Il misericordioso invece è un coinvolto, è qualcuno che insieme al gesto del peripherein esercita un altro gesto, questa volta suggerito dalla lingua tedesca, e che si può esprimere mediante il verbo hereinholen: letteralmente “andare a prendere e portare dentro”, “uscire per far entrare”[6]. La misericordia è un dinamismo che fa entrare, un atteggiamento dalle molteplici sfaccettature espresse dai termini accoglienza, ospitalità, cordialità, disponibilità.
Evangelicamente parlando l’immagine che meglio sintetizza la misericordia in quanto hereinholen è il pastore che esce e si fa carico della pecorella smarrita (Mt 18,12-14). Nel contesto delle sfide urbane la misericordia ha il volto e il coraggio del pastore che esce e porta su di sé. Questo atteggiamento si traduce in gesti di coinvolgimento, inaugurando la possibilità di ripensare le forme e i modi del coinvolgimento ecclesiale.

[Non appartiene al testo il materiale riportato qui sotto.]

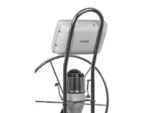 NavPod SailPod Precut 15.18″W x 9.85″H (38.6cm W x 25cm H) f/Garmin GPSMAP® 1223/1243xsv - 9.5″ Wide Guard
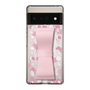 Slim Protection Case - STAND & RING RIBBON Sakura Pink［ Rune Naito - RUNE Girl Kids ］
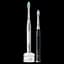 Електрична зубна щітка Oral-B Pulsonic Slim Luxe 4900 S411.526.3H типу 3717, 2 шт. - мініатюра 2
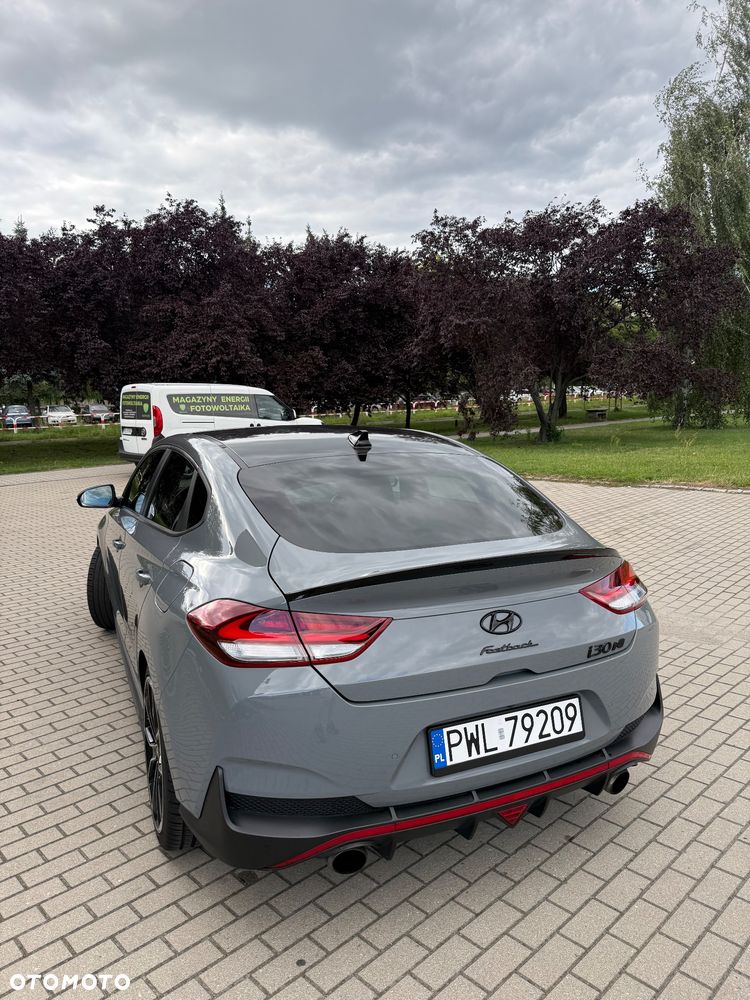 Hyundai i30 N 2.0 T-GDI GPF Performance - 6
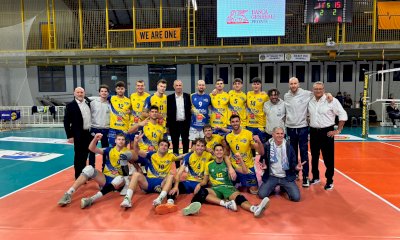 Pallavolo A3/M: Savigliano torna da Mirandola con due punti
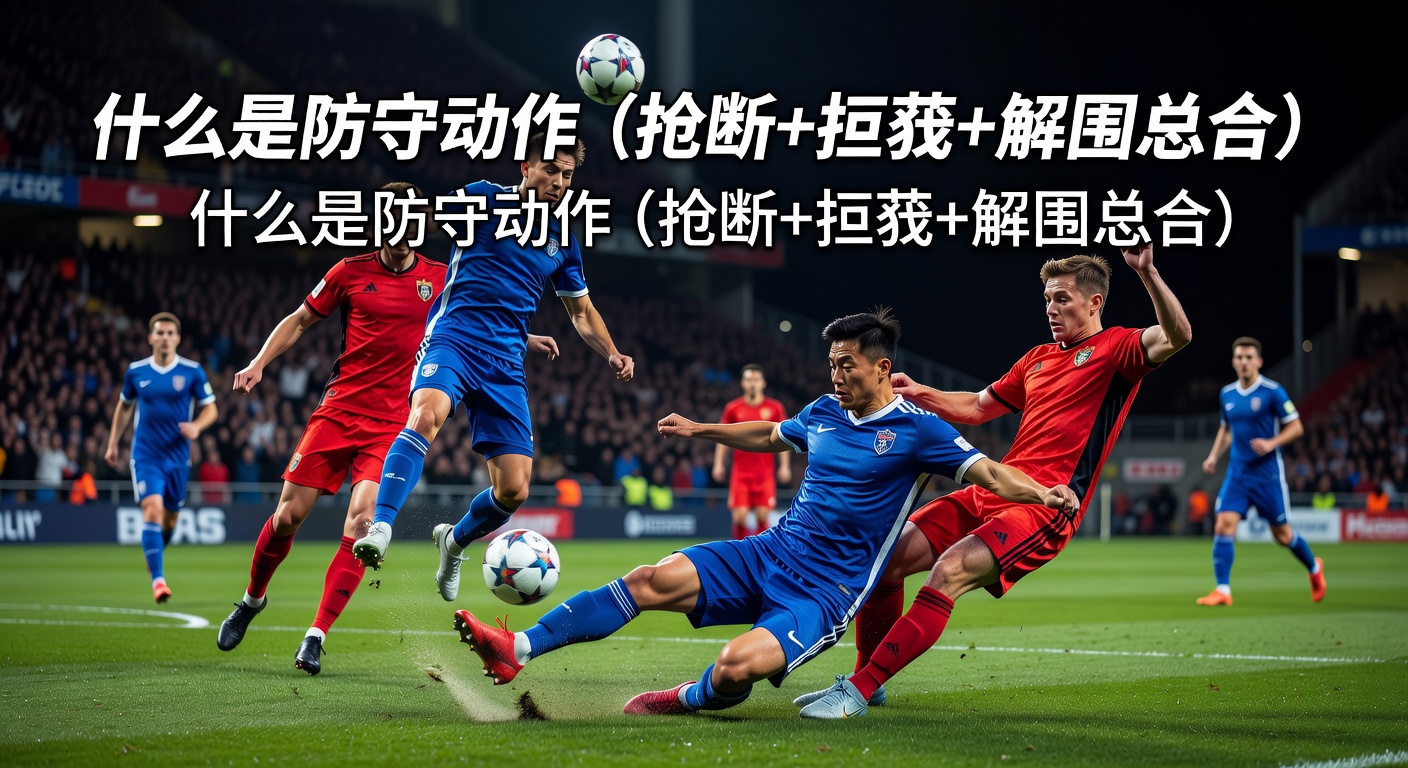 什么是防守动作（抢断+拦截+解围总和）
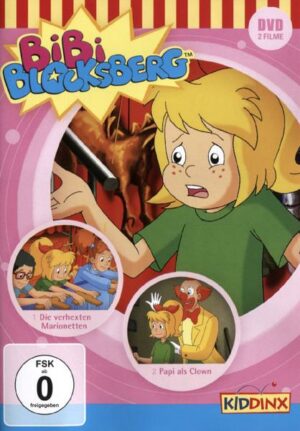 Bibi Blocksberg - Verhexte Marionetten/Papi als Clown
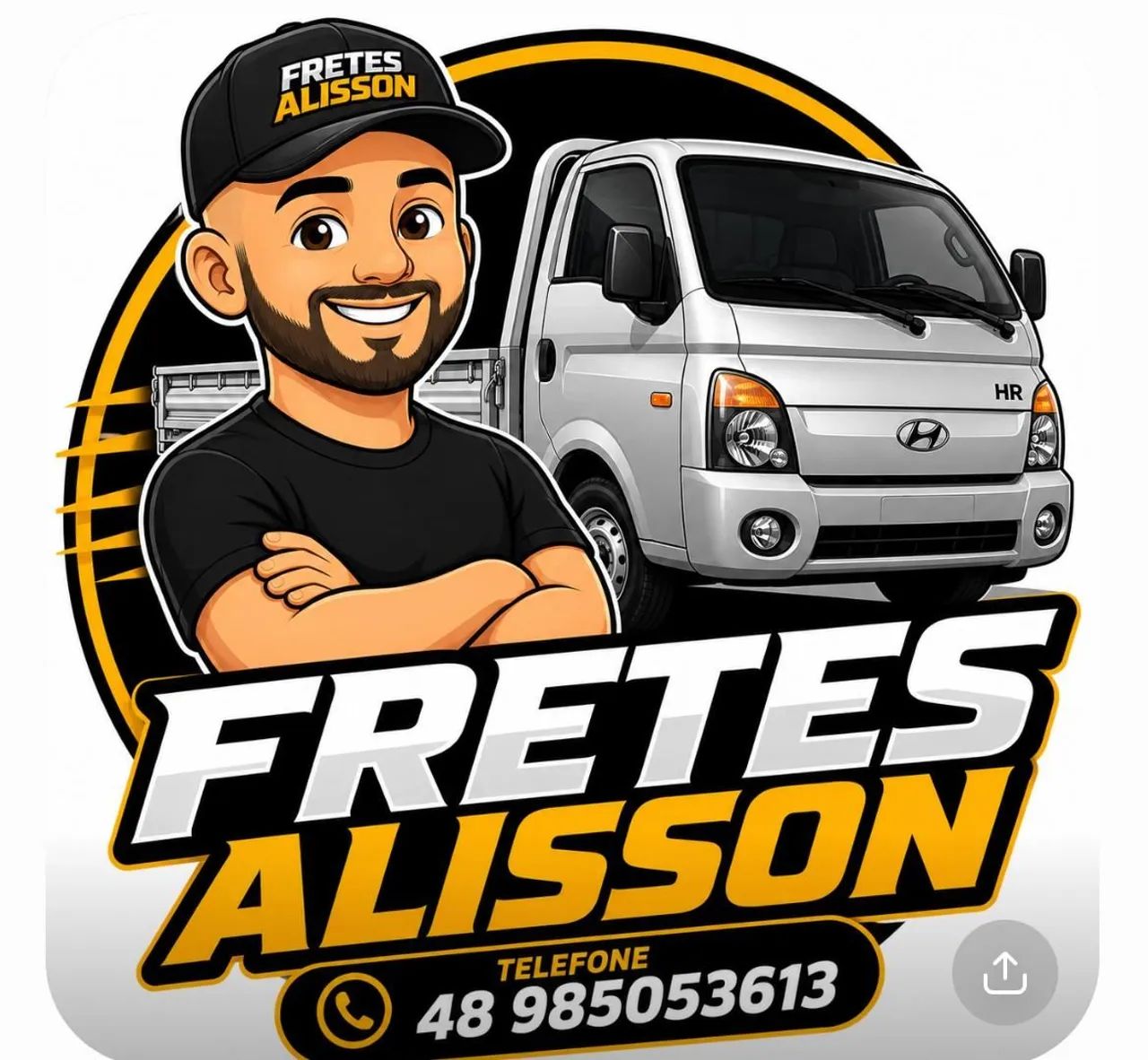 Fretes e mudanças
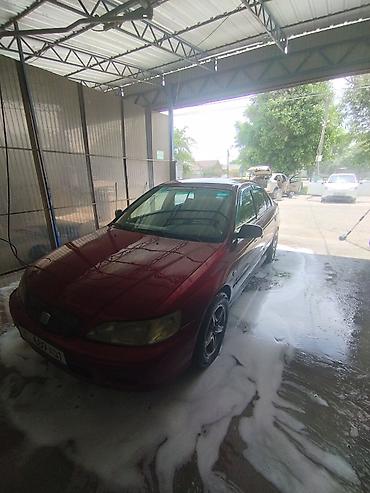 1999: Honda Accord: 1999 г., 1.6 л, Механика, Бензин, Седан — 2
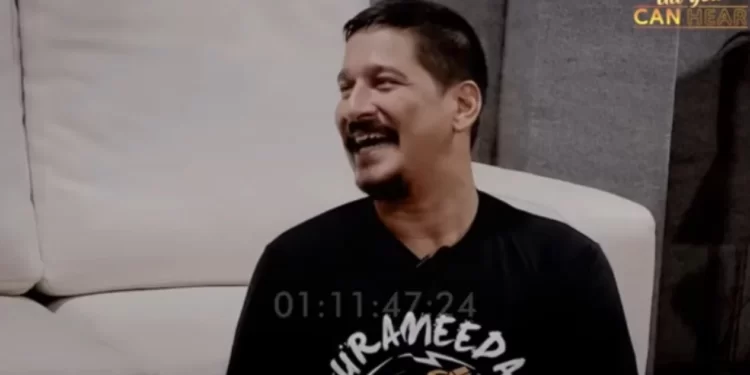 Bucek Depp Latih Bahasa Ambon untuk Film “Glenn Fredly The Movie”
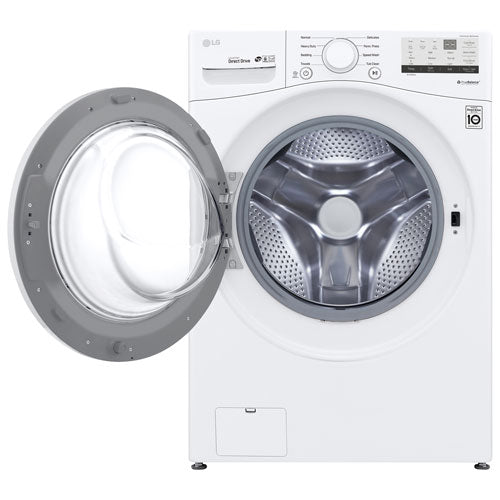 LG 5.2 Cu. Ft. High Efficiency Front Load WasheR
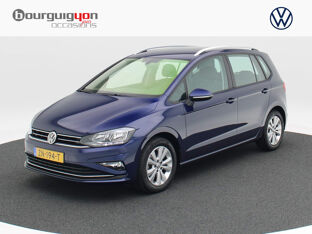 Volkswagen Golf Sportsvan 1.0 TSi 115 Pk DSG Comfortline | Navi | Adaptive Cruise | Parkeersensoren | Ergo Active Stoelen | 16 Inch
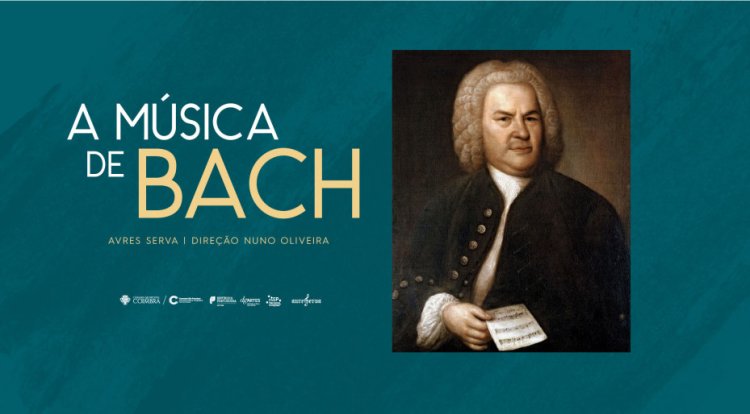 “A Música de Bach - Avres Serva”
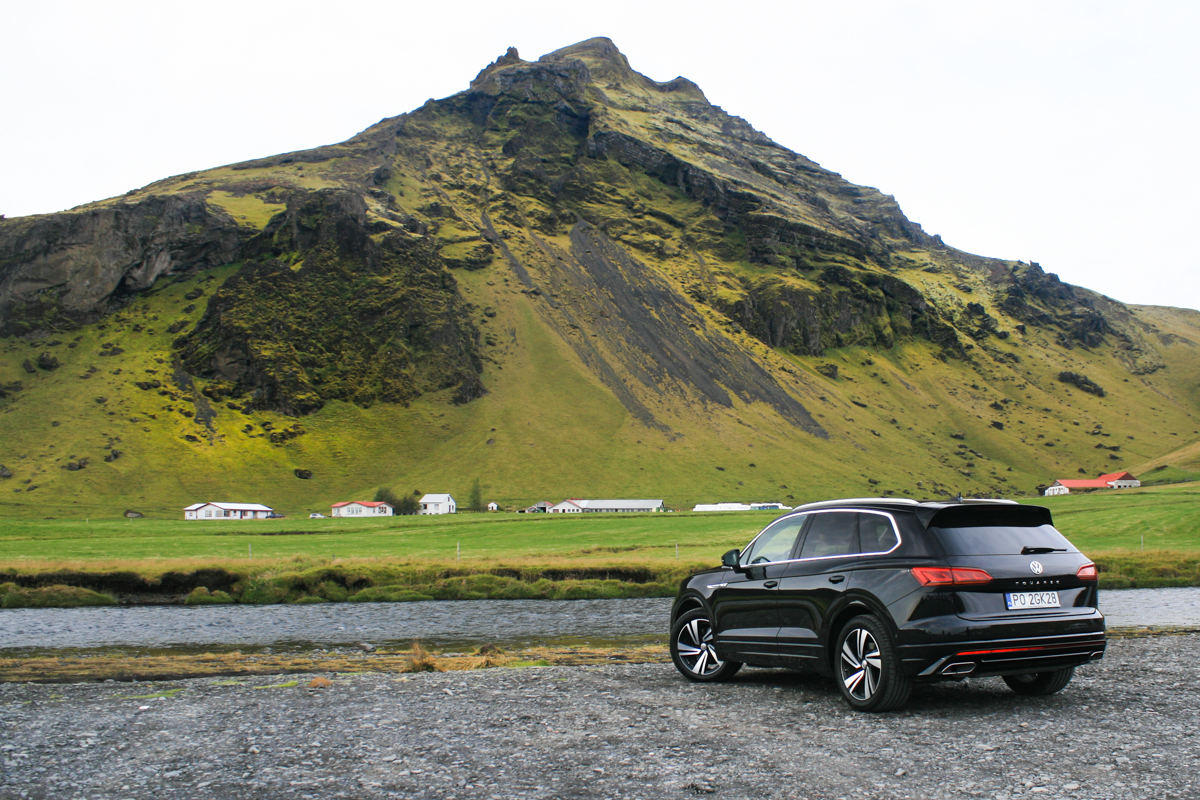 Volkswagen Islandia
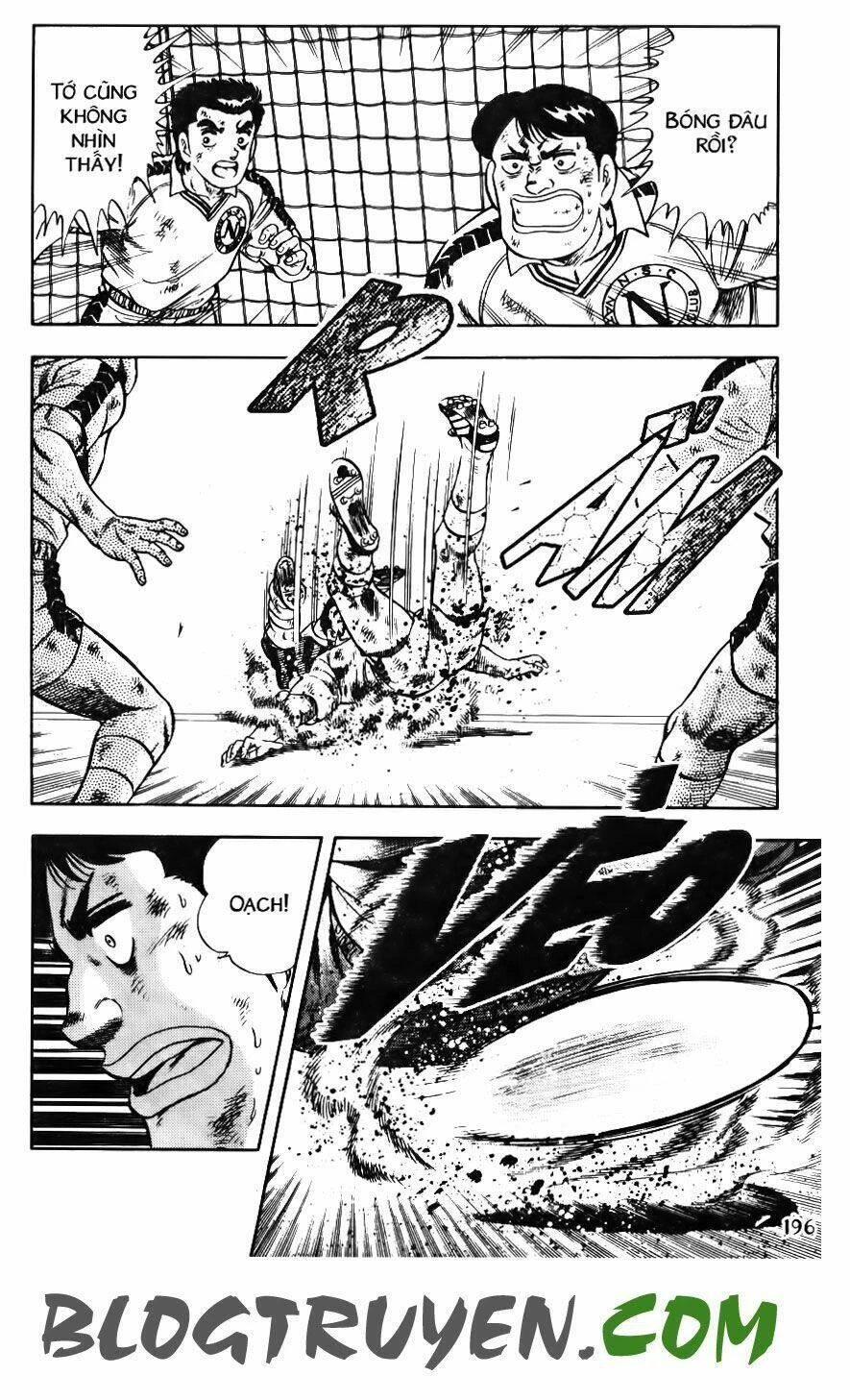 Kattobi Itto - Đường Dẫn Đến Khung Thành Bộ 1 Chapter 106 - Trang 3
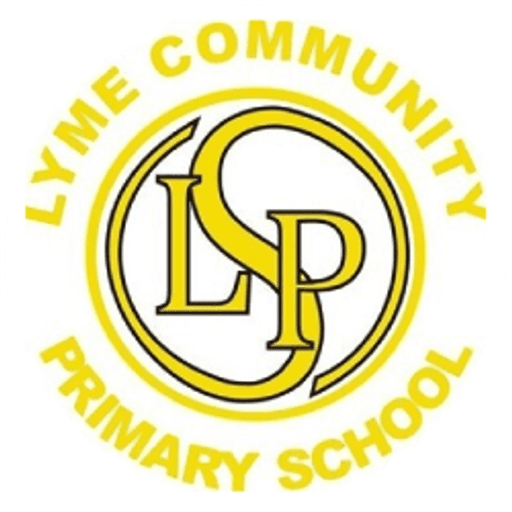 Lyme Community Primary School logo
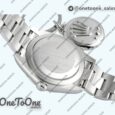 Реплика часов Rolex Sky-Dweller 326934 904L Stainless steel Top-tier Копия один в один Blue Dial on Stainless steel Bracelet Asian 2824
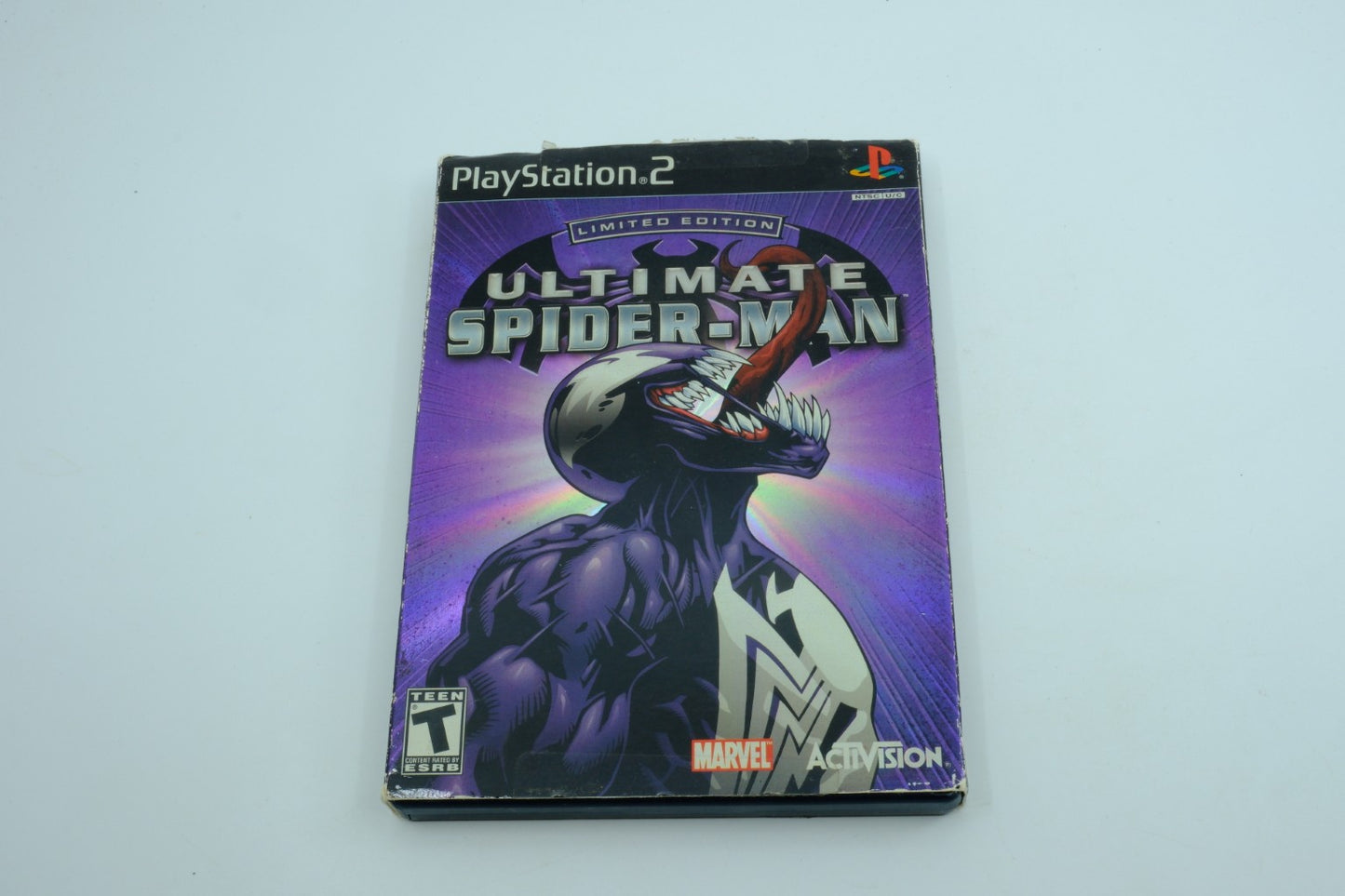 Ultimate Spider-Man (Limited Edition) - Complete in Box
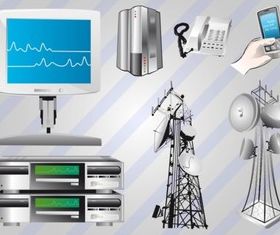 Free Communication Vectors design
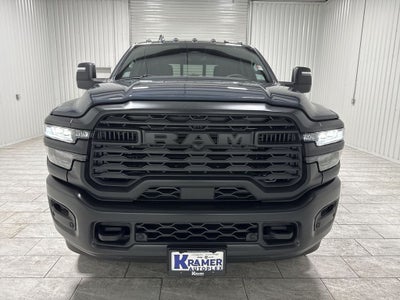 2026 RAM Ram 2500 RAM 2500 TRADESMAN CREW CAB 4X4 6'4' BOX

Allo stesso tempo la misericordia come coinvolgimento riconosce e promuove le molteplici forme della cooperazione e della compartecipazione presenti nella città, si mette a servizio di ogni forma buona di coinvolgimento come ad esempio quello politico, riconoscendone i segni di genuinità e di gratuità.
Per fare questo occorre alzarsi e camminare, peripherein appunto, bisogna attraversare la grande città come ricordava il cardinal Martini, rivolgendo alla Chiesa di Milano queste parole: «Attraversate la città contemporanea, con il desiderio di ascoltarla, di comprenderla, senza schemi riduttivi e senza paure ingiustificate, sapendo che insieme è possibile conoscerla nella sua varietà diversificata, nella rete di amicizie e di incontri, nella collaborazione tra i gruppi e le istituzioni»[7].
[1] Francesco, Evangelii gaudium. Esortazione apostolica sull’annuncio del Vangelo nel mondo attuale, 24 novembre 2013, 71-75.
[2] H. Lefebvre, Dal rurale all’urbano, Guaraldi, Venezia 1973, 98.
[3] Cf. F. Biagi, Henry Lefebvre. Una teoria critica dello spazio, Jaka Book, Milano 2019, 99.
[4] M. Eckholt, «Imparare a vivere l’ospitalità. Fondamenti teologici dell’annuncio della fede nel pluralismo delle grandi città», in Concilium 1/2019, 57.
[5] Cf. A. Petrillo, La nuova periferia. Diseguaglianza, spazi, città, Franco Angeli, Milano 2018, 18-24.
[6] Cf. J. Werbick, La debolezza di Dio per l’uomo. La visione di Dio di papa Francesco, Libreria Editrice Vaticana, Città del Vaticano 2017, 51-63.
[7] C. M. Martini, Attraversava la città. Risposta al sinodo dei giovani. Milano, 23 marzo 2002, Centro Ambrosiano, Milano 2002, 32.